Display charts with data from ACF, Metabox, etc through Brick’s Query loop feature. Supports multiple datasets, linear/logarithmic scales & easily customized and styled to match your site.
This element will be most useful for displaying relatively standard charts where the x-axis has text labels, and the y-axis value has numbers. The chart can either be used to display one data set, ie one line or one set of bars with different values, or multiple datasets, where dynamic data will be needed to fetch the values for each set.
For dynamic data, ideally, you’d be using an ACF repeater field, or similar, where you’d be looping through rows, with each row having new values from sub fields being plotted for each dataset.
Use Query Loop
There are now two query loop types –
- Datasets (original)
- Datapoints (new)
Datasets – If you’re wishing to use dynamic data to populate multiple datasets, set a query loop (for example an ACF repeater) to loop through rows for each set of data. This can then be added to the chart using Bricks’ built-in dynamic data options (this can be seen in the video above).
Datapoints – The datapoint type allows you to instead add new data points along the x-axis for each item inside the query loop. This ideal for showing data that is time based, which may need to be updated regularly and you want more dates across the x-axis added over time.
A common use for the ‘datapoints’ type would be showing company profits each quarter, where every new quarter you’ll be wanting to plot a new point on the existing chart. Each new item in the loop, whether it’s a new post or new repeater row, would plot a new data point on the chart.
Not using a Query Loop
If not using any dynamic data, you can just add the number/labels in manually in the settings to plot a chart.
Here’s where to add the data points, add as many data points as you need and fill in the fields inside each one. The three fields are..
- Label – this is the labels across the x-axis (Jan, Feb, Mar etc)
- Value – the corresponding value to plot in the y-axis. (20%, 50%, 90%). if using dynamic data, this is where you’d insert the custom field to populate the number for each dataset.
- Data point color – If you’re NOT using multiple data sets, you may wish to change the colour across each data point. (if using multiple data sets, the colours will be changed across each dataset instead, see the bottom of the docs for a visual guide).
At the time of writing, there are currently a few chart styles available..
- Line charts
- Bar charts
- Pie / Doughnut charts
Line width/tension – the line style can be customised by changing the width, the colour and also the tension, which prevents the line from being straight and allows more of a curve.
Both the x-axis and y-axis can be customised, in terms of changing the grid colours, border colours and adding labels to the axis.
The y-axis has some extra settings relating to the data..
Y-axis type – Choose between linear (default) or logarithmic scale for the y-axis.
Begin at zero – By default the y-axis begins at zero, this may not be ideal depending on what data you’re showing and can be disabled.
Suggested min – Set a min value for the y-axis (only a suggestion, if there’s data lower than this number then it will adapt)

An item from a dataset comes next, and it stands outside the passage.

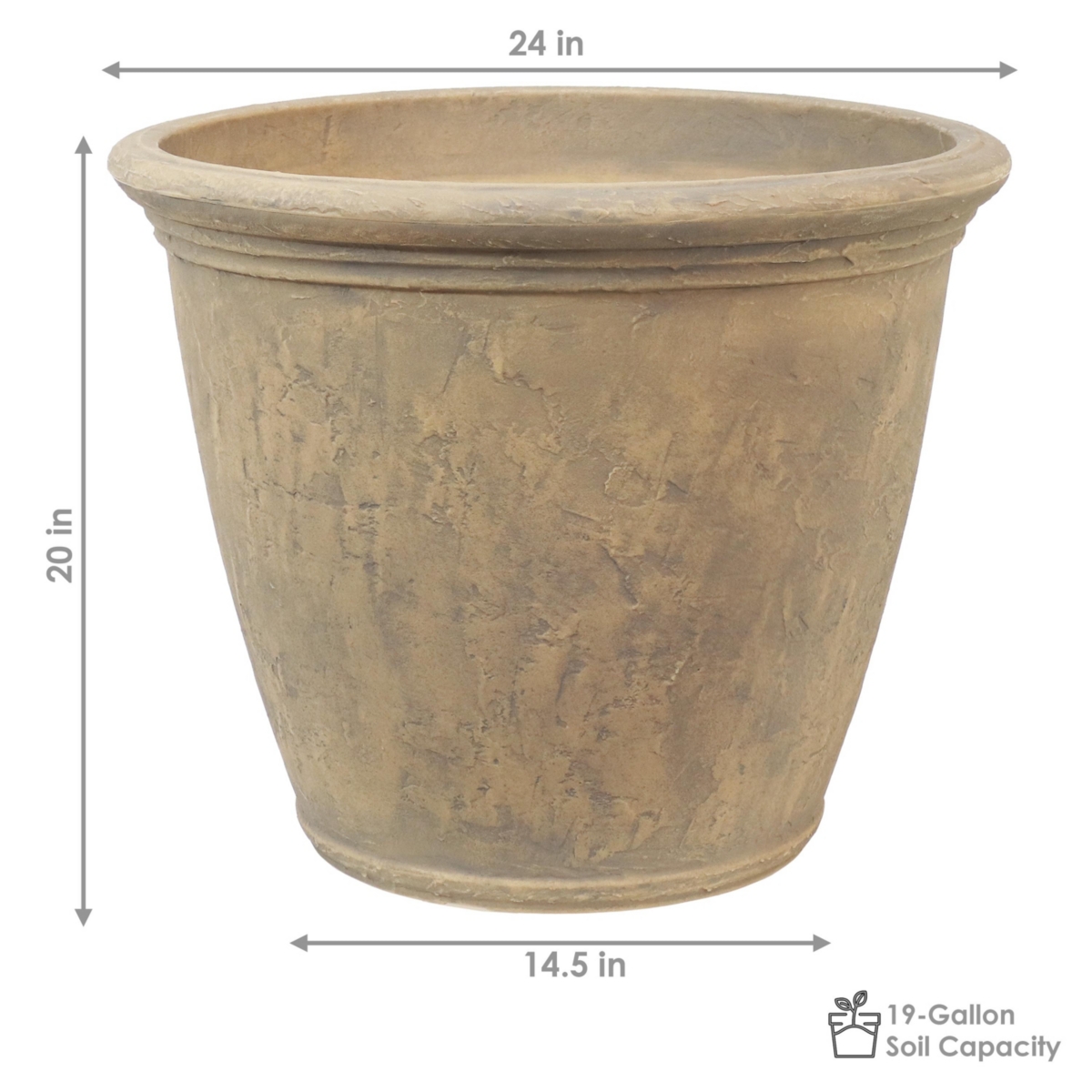 Sunnydaze Decor Anjelica Unbreakable Polyresin Planter -- Set of 2 - Beige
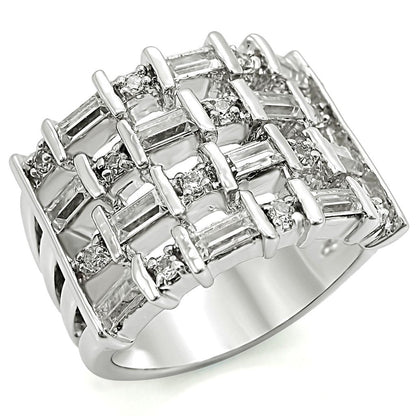 1W024 - Rhodium Brass Ring with AAA Grade CZ  in Clear-0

Suggested max – Set a max value for the y-axis (only a suggestion, if there’s data higher than this number then it will adapt)
If showing multiple datasets, legends can be added to the chart to show what each line/bar is referring to. The colours will automatically match the dataset colour. These can be positioned and aligned on any side of the chart.
When needing to add a different colour to each dataset, there are two options.
- Using dynamic data – this is useful if you need the colour to be edited/added at the time that the data is added by custom fields. (ie the content editor has control)
- Manually – this is useful if you instead which to create a colour palette for the chart to use, not connected to the datasets. This option means you can use your colour palette from inside Bricks rather than fetching the data.
A visual example to demonstrate the difference in applying colors either per data point or per dataset..
Using one dataset, it’s useful to change the colour per data point. For eg having a different colour for each month.
Using multiple datasets, it’s no longer useful to change the colour per data point. Instead, we change the colour per dataset. Here we have a different colour for each company, so the datasets can easily be compared visually. The legends use the dataset colours and can be used to filter the chart by clicking the legends.